**TASK MATERIAL:**

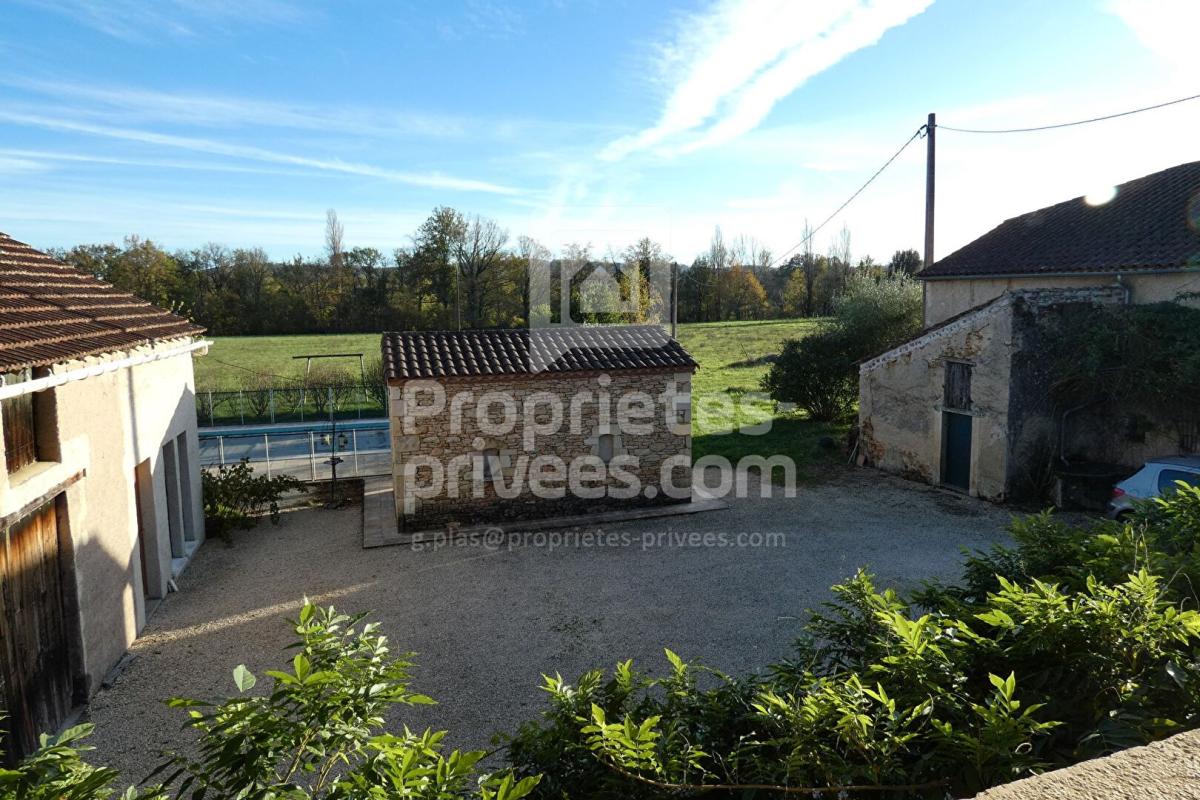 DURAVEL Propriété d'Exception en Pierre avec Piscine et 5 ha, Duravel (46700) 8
--
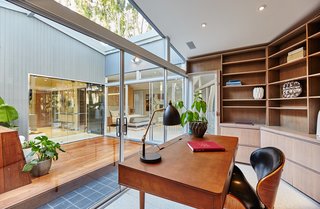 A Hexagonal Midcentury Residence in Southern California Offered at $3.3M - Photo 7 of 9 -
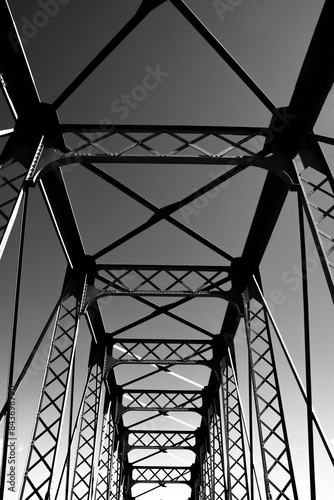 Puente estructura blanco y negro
* * *
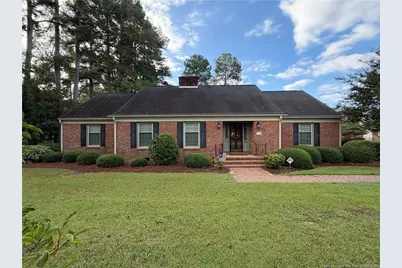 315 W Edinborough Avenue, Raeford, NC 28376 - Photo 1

**TASK GOAL:** The expected output is the lines above from the one containing "A Hexagonal Midcentury" to the one containing "Puente estructura blanco y negro", both ends included, reproduced exactly with every picture left out.

**SOLUTION TO THIS PROBLEM:**
 A Hexagonal Midcentury Residence in Southern California Offered at $3.3M - Photo 7 of 9 -
 Puente estructura blanco y negro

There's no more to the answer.